The code also depends on the system actually having a unit32_t data
type, which is optional. Perhaps not a big problem for a product
called freedos-32? :)


Bo Persson
 
B

brandon

brandon said:
Note: I'm not very familiar with C++, only C. The following description
and code snippet are from
http://freedos-32.sourceforge.net/lean/specification.php It's about
calculating the checksum for a LEAN file system structure.

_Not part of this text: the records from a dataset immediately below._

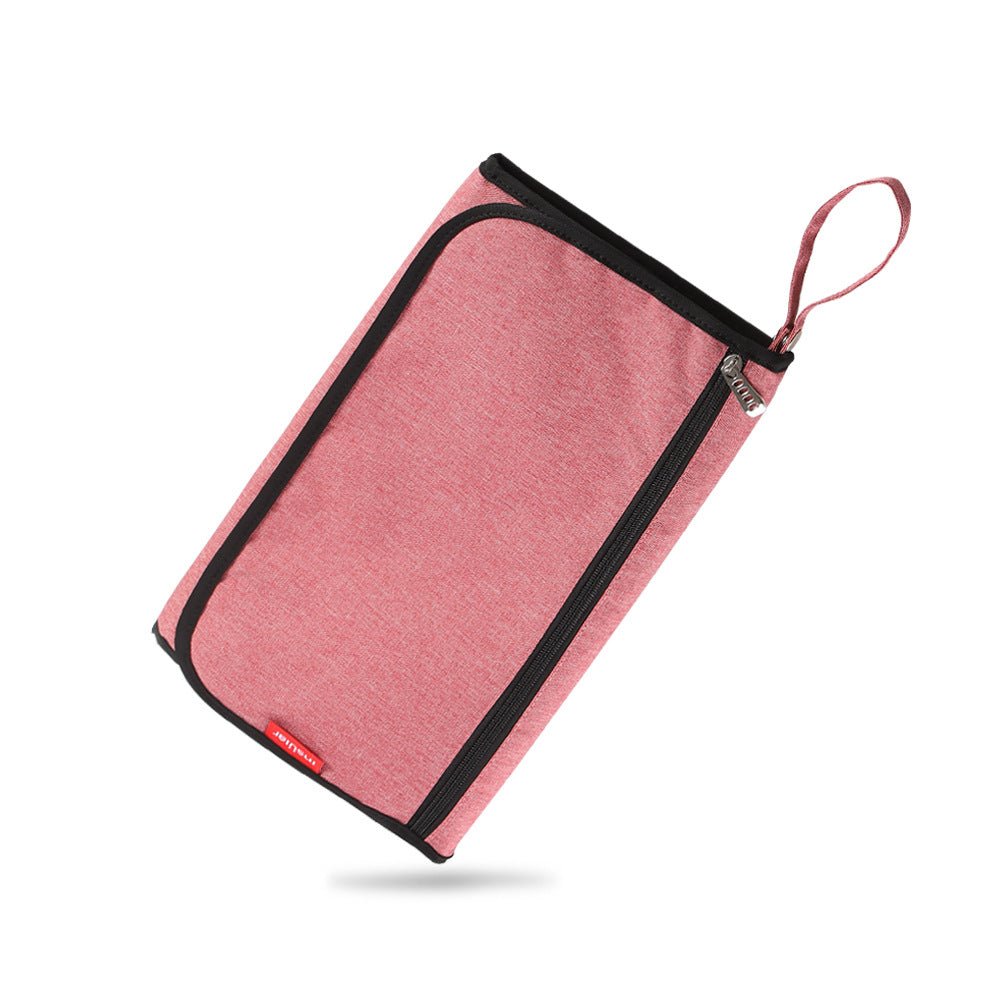 tapis à langer nomade compact rose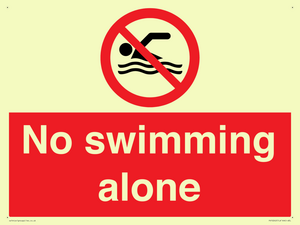 No swimming alone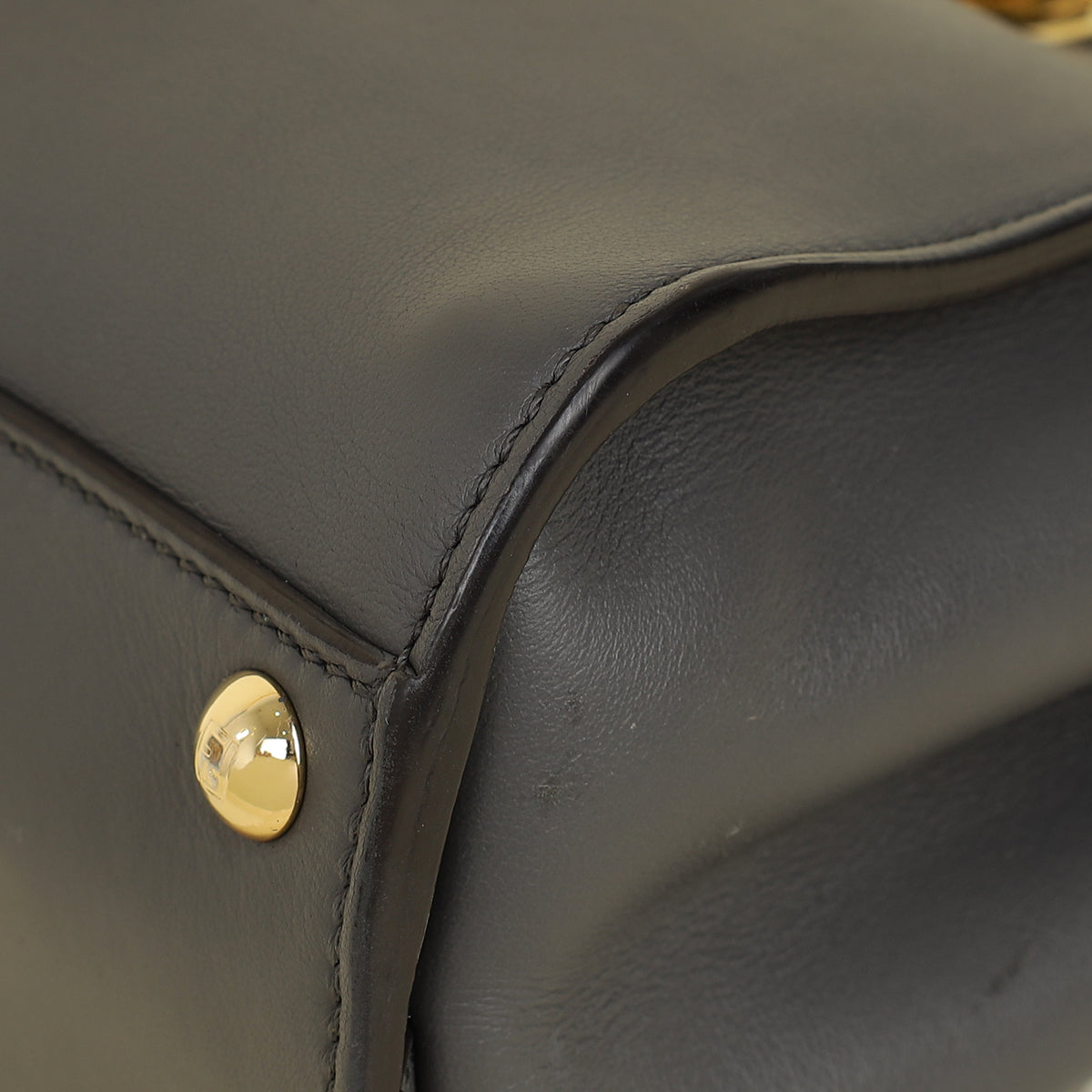 Fendi Grey Peekaboo Mini Bag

"...The sensitive structure must be cast to an array of 32-bit unsigned
integers, then each element of this array must be summed, rotating the
sum one bit to right at every iteration... The data parameter is a
pointer to the sensitive structure, including the checksum field in its
first 4 bytes. The size parameter is the size in bytes of the structure
pointed by data, including the 4 bytes for the checksum field... The
function skips the first 4 bytes when computing the checksum."

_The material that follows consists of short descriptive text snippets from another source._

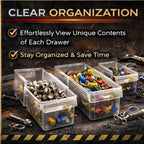 Quantum Storage Systems PDC-18BK 18 Drawers Cabinet Part Organizer 19" H x 15" - Image 5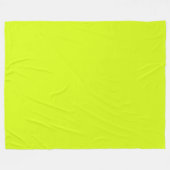 Chartreuse Geel (effen kleur) Fleece Deken (Voorkant (Horizontaal))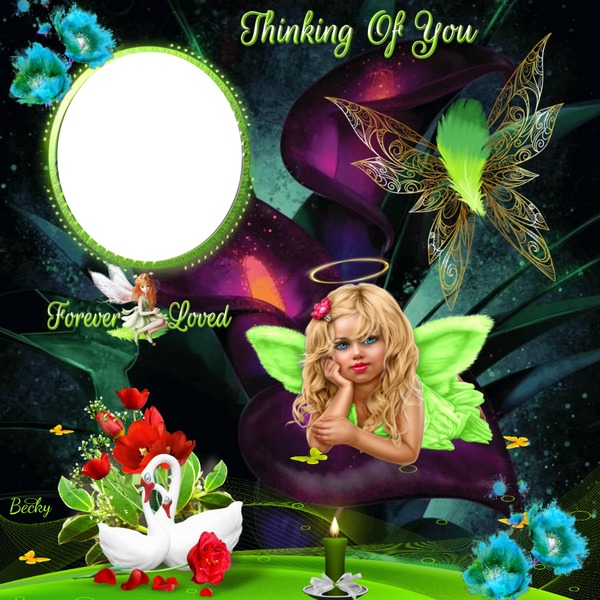 thinking of you / forever loved Montage photo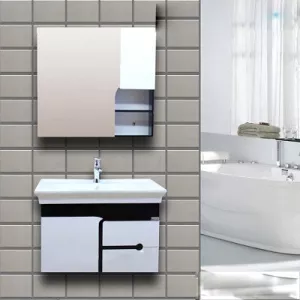 Bộ tủ chậu PVC cao cấp BROSS 2083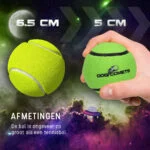 Minge de tenis pentru câini, plutitoare, Ø 5 cm, verde – Dog Comets Starlight - imagine 6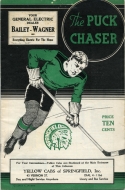 Springfield Indians 1936-37 program cover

uint32_t computeChecksum(const void* data, size_t size) {
uint32_t res = 0;
const uint32_t* d = static_cast<const uint32_t*>(data); assert((size &
(sizeof(uint32_t) - 1)) == 0); size /= sizeof(uint32_t);
for (size_t i = 1; i != size; ++i) res = (res << 31) + (res >> 1) +
d;
return res;
}

The structure consists of uint32_t's and uint64_t's. Doesn't this
snippet rely on the structure being stored in memory in a particular,
machine/ compiler specific way (e.g. endianness)? Thanks.

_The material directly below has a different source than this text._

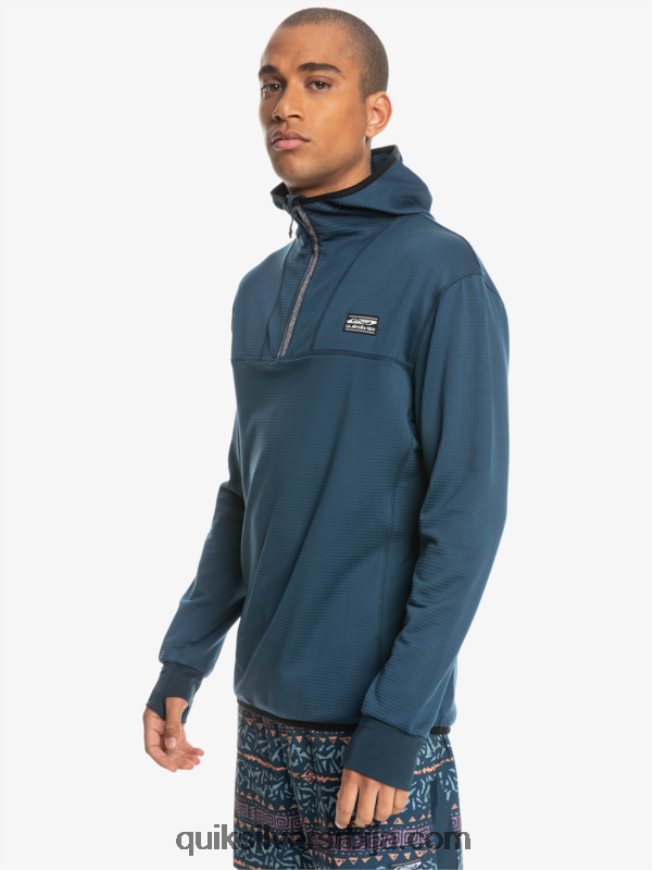 мушкарци Quiksilver дуксерица од флиса са стрмим врхом инсигниа блуе Z824VN1873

It does depend on how the 'data' was stored - as single bytes or as
32-bit values. Are you reding the same way they were stored? It will
definitely not be read the same way on all systems having a 32 bit
integer type.

The code also depends on the system actually having a unit32_t data
type, which is optional. Perhaps not a big problem for a product called
freedos-32? :)


Bo Persson


Alright, I guess I have to create a function for each structure that will
dump them into an array. From there I can calculate the checksum, and
directly write the structure to the disk. Thanks.